Exercise objective: Look through the listing below for the line containing "Black-and-white pixelated image". Copy it and each line after it up to and including the line containing "Group of formally", exactly, leaving out pictures.

Listed records:

*****

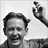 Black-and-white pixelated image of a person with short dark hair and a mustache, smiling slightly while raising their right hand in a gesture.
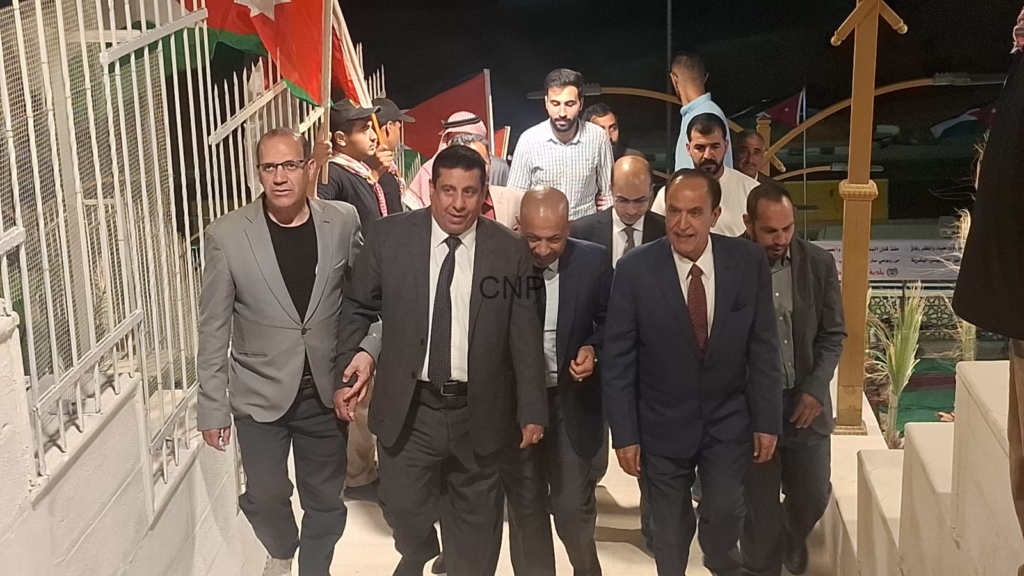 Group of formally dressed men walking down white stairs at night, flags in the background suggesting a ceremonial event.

*****

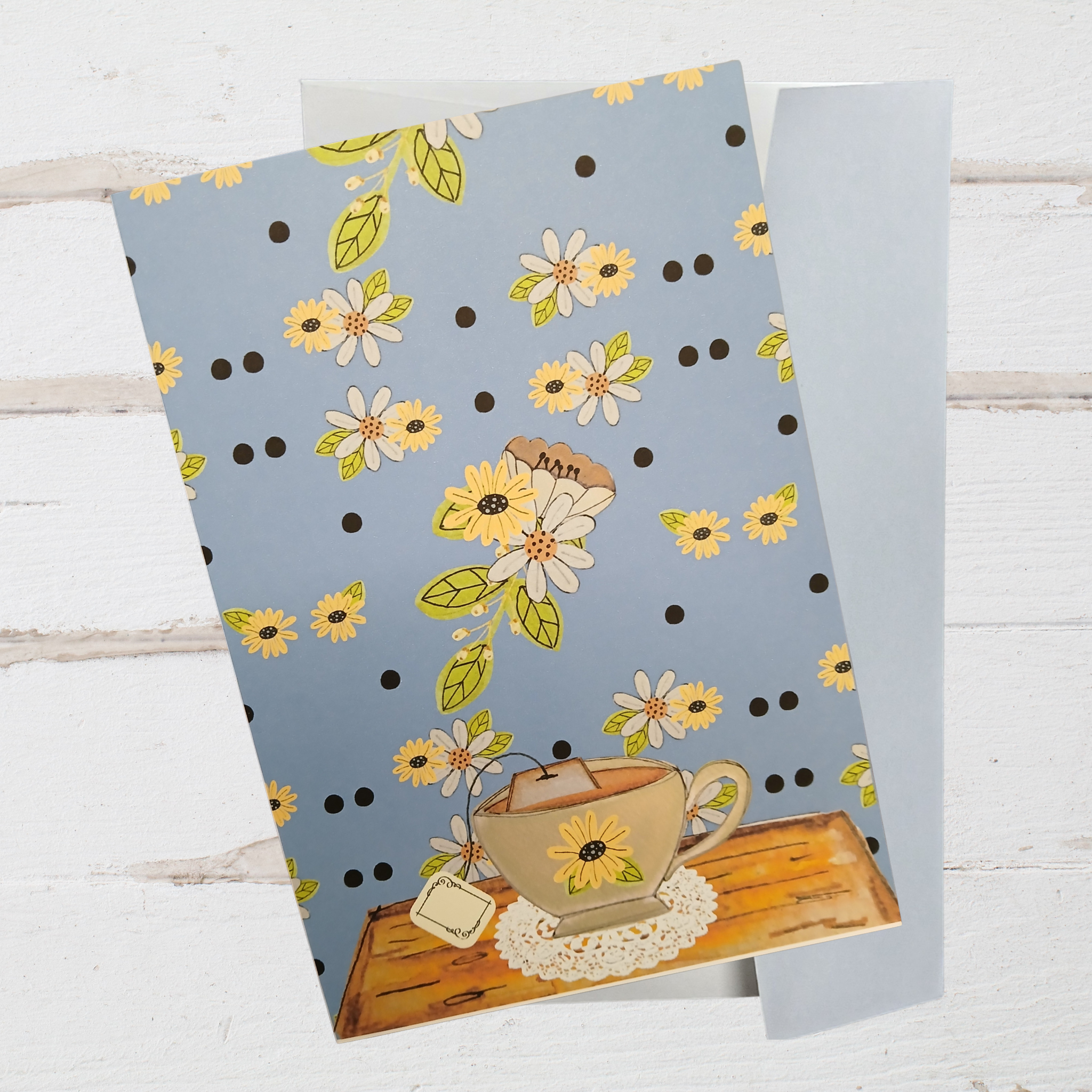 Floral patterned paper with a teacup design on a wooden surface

*****

Expected output:
 Black-and-white pixelated image of a person with short dark hair and a mustache, smiling slightly while raising their right hand in a gesture.
 Group of formally dressed men walking down white stairs at night, flags in the background suggesting a ceremonial event.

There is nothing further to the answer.